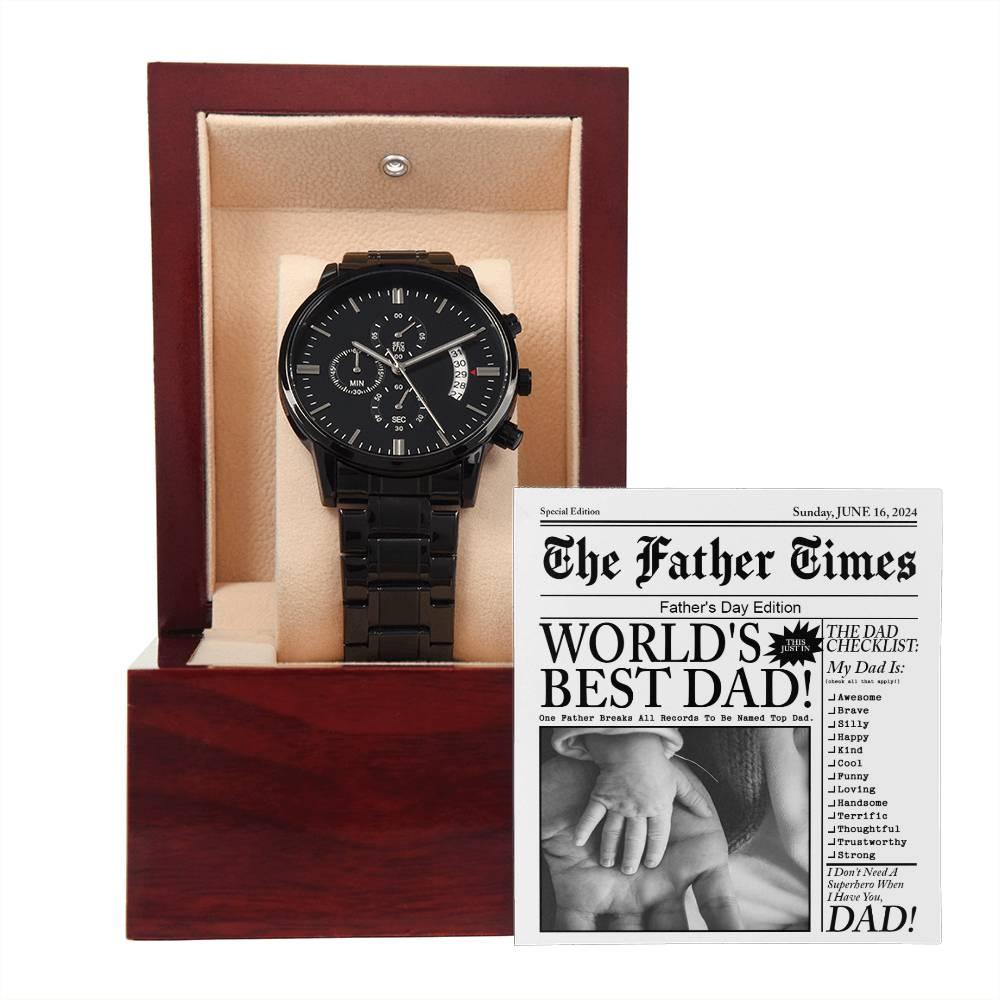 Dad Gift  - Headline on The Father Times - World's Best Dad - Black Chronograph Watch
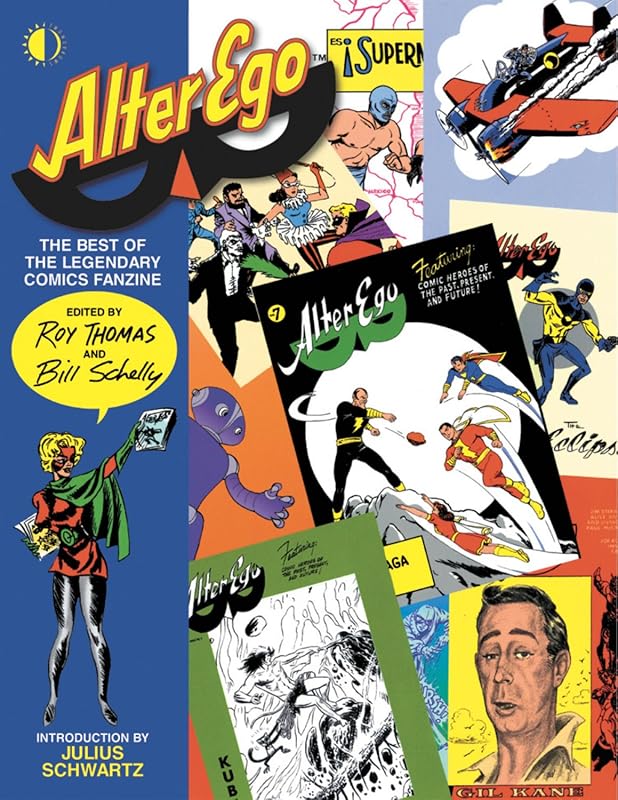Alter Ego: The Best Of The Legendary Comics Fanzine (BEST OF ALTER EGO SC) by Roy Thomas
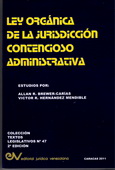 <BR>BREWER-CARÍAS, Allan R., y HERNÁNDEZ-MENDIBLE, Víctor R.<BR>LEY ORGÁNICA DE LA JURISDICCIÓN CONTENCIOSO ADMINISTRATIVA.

### Task brief
Print all the lines above exactly as they are, but without the pictures.

### Problem solution
 Dad Gift  - Headline on The Father Times - World's Best Dad - Black Chronograph Watch
Alter Ego: The Best Of The Legendary Comics Fanzine (BEST OF ALTER EGO SC) by Roy Thomas
 <BR>BREWER-CARÍAS, Allan R., y HERNÁNDEZ-MENDIBLE, Víctor R.<BR>LEY ORGÁNICA DE LA JURISDICCIÓN CONTENCIOSO ADMINISTRATIVA.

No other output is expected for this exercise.